Indeed, it was around the time of Marx that there arose the phenomenon of impoverished nobility — wealthy men without money who lived by selling what their ancestors had accumulated. It is often forgotten that they did not sell their land to nobility but to merchants. Indeed, it is the curious open secret of England, for example, that many — if not most — of its noble families were not noble for long. It was during the 1800s especially that rich merchants purchased titles (though the phenomenon of rich men becoming nobility in practice if not in title had been going on for a while before).

But since extreme examples are always the easiest, consider Andrew Carnegie. It is often forgotten either because he was a great philanthropist or because he was a great exploiter, but if you want a story of a worker taking control of the means of production, you won't find a better one.
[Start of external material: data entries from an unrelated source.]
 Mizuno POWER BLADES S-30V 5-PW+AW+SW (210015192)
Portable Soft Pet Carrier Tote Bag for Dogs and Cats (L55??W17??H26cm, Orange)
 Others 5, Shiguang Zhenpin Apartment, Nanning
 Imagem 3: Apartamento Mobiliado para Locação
And to return to Kipling's poem, it raises a very interesting question: was Carnegie a son of Martha or a son of Mary?

The answer to that question is also the obvious point that Kipling's poem managed somehow to miss: if the sons of Mary have it so much better than the sons of Martha, then be a son of Mary, not a son of Martha.
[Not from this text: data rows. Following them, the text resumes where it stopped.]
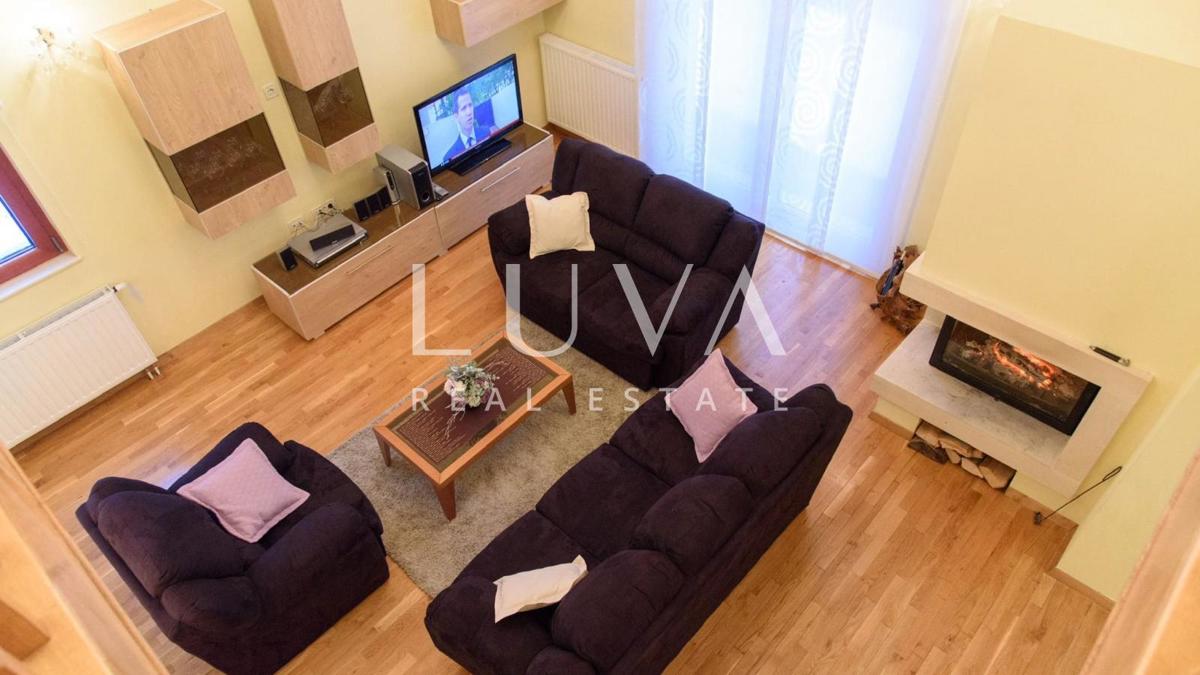 House For sale - KARLOVAČKA OGULIN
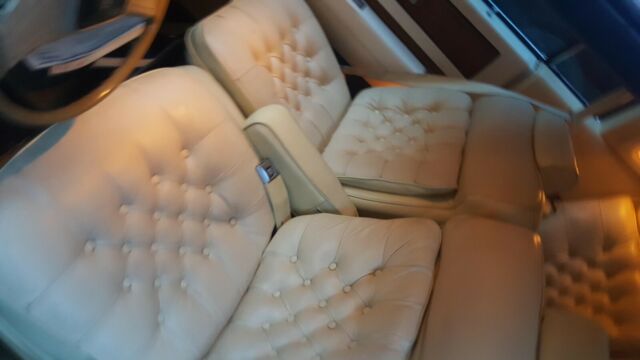 1980 Cadillac Eldorado - photo 5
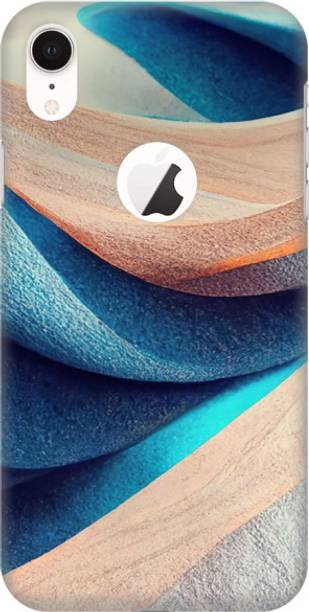 iCopertina Back Cover for Apple iPhone XR
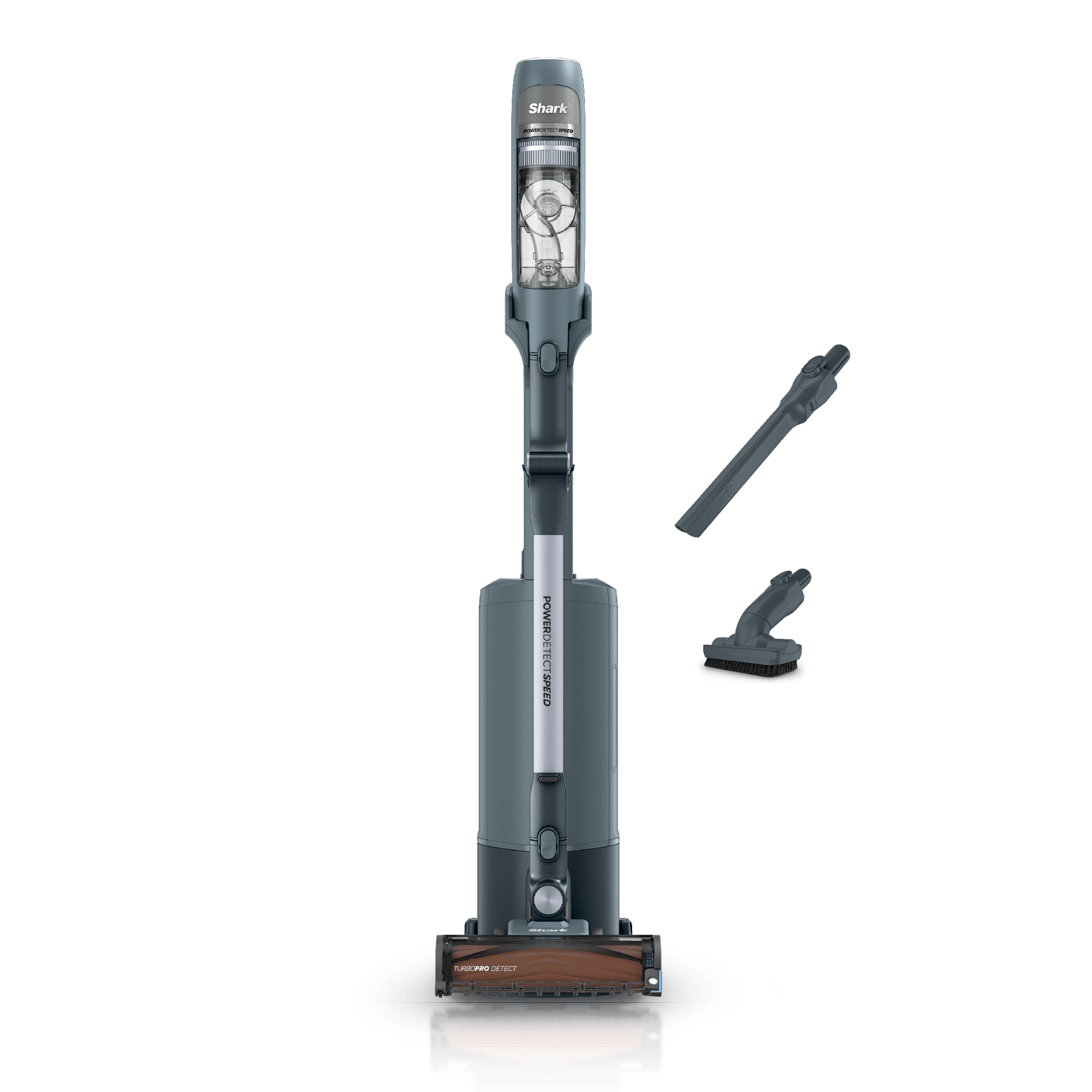 Shark PowerDetect Speed™ Cordless Vacuum Clean & Empty System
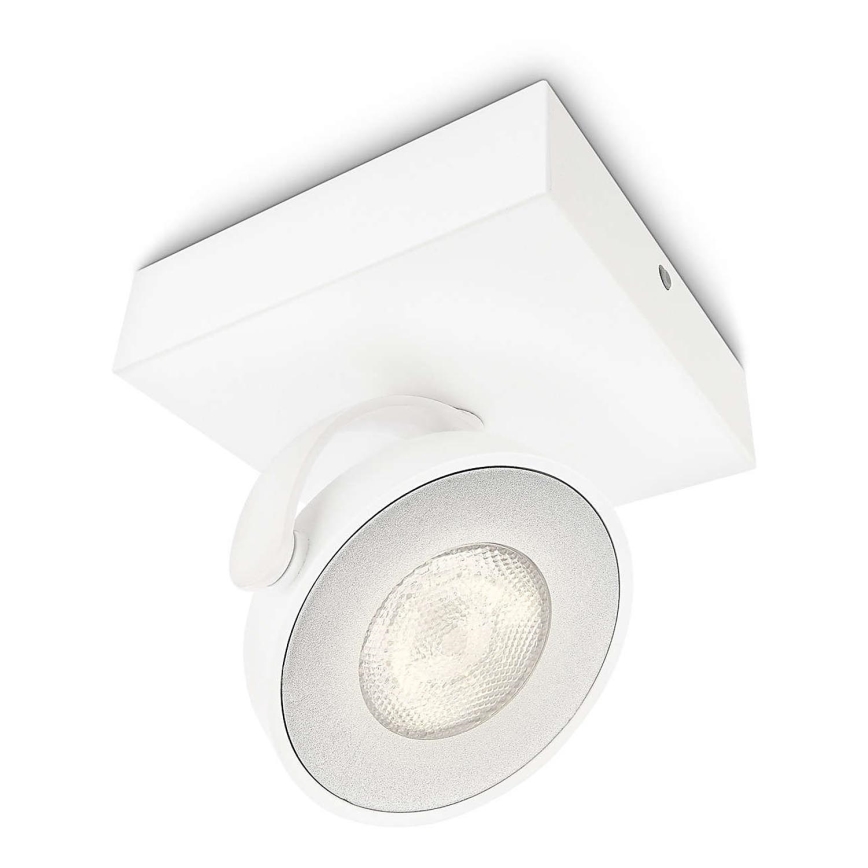 Philips - LED Prigušiva reflektorska svjetiljka 1xLED/4,5W/230V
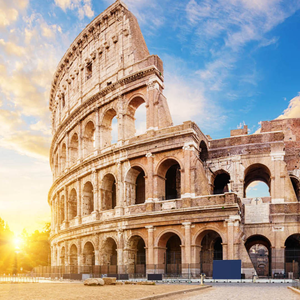 Best of Puglia & Eternal Rome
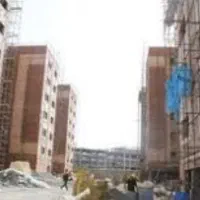 فروش یک واحد ۱۱۰ متری شهید سلیمانی ارتش شهرک قدس|پیشفروش املاک|قم, شهرک قدس|دیوار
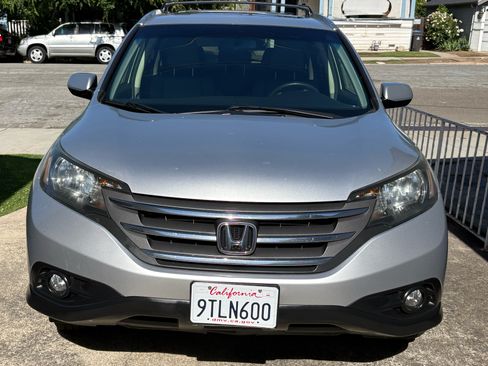 Used 2012 Honda CR-V EX-L image 15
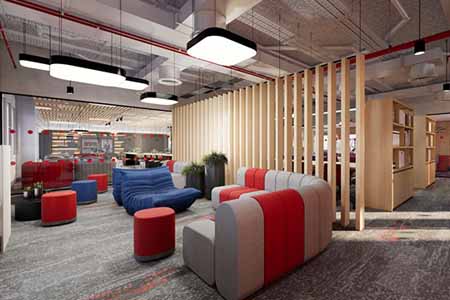 поступление в Normandie Business School Dubai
Kipling does address this idea in his line "To these from birth is Belief forbidden; from these till death is Relief afar." Of course, if you're going to invoke predestination, it's rather unfair to complain of those predestined to a better life. It's not like they had anything to do with it, or could change that even if they wanted to. Really, if one really wants to invoke predestination, there's nothing more to say. Besides, perhaps, "Oh, Shut up!" Why should Kipling get to appeal (indirectly) to choice while defending his appeal with predestination? It's not logically inconsistent, since there is no (human) logic if predestination is true, but it's just undignified. It's as bad as punching someone and then immediately preaching universal pacifism.

The Sons of Martha is a very strange poem. It's beautiful and thoroughly stupid at the same time, and in many ways for the same reasons. It is, though not consciously, a poem about human weakness. The weakness of those who were no stronger than to labor thanklessly for others and the weakness of the poet to understand it — or anything else.